Partner merytoryczny: Eleven Sports

Lotto Ekstraklasa: Nie ma tematu zmiany trenera w Górniku Zabrze

Lubię to
Lubię to
0
Super
0
Hahaha
0
Szok
0
Smutny
0
Zły
0
Udostępnij

Rewelacja poprzedniego sezonu przeżywa trudne chwile. W sobotę zabrzanie przegrali 2-4 z Koroną w Kielcach i mają już tylko punkt przewagi nad ostatnim w tabeli Zagłębiem Sosnowiec. Marcin Brosz w spokoju może jednak przygotowywać zespół do ostatnich meczów w tym roku.

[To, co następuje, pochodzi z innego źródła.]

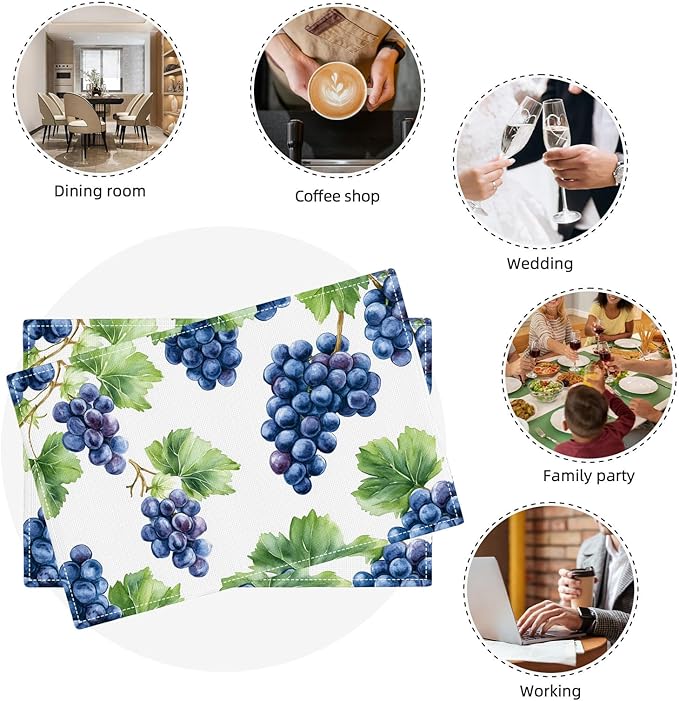 Grape Placemats Set of 4, Blue Grapes Place Mats, Fruit Waterproof Washable Table Mats for Home Party Indoor Kitchen Dining Table Decoration 12x18 Inch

Szymon Pawłowski po meczu z Piastem Gliwice (0-0). Wideo/Michał Zichlarz/INTERIA.TV

Trener Brosz przeszedł z górniczym klubem długą drogę. Objął zespół po spadku z Ekstraklasy latem 2016 roku. Na początku I ligowych rozgrywek zabrzanom nie szło i trzeba było podejmować trudne decyzje, jak tą o odsunięciu od pierwszego zespołu trójki doświadczonych graczy: Adama Dancha, Dawida Plizgi czy Rafała Kosznika. Ostatecznie rzutem na taśmę i świetnym finiszem udało się wywalczyć awans, a potem stać rewelacją rozgrywek. W poprzednim sezonie Górnik wywalczył 4 miejsce w Ekstraklasie i po prawie ćwierć wieku przerwy ponownie zagrał w europejskich pucharach.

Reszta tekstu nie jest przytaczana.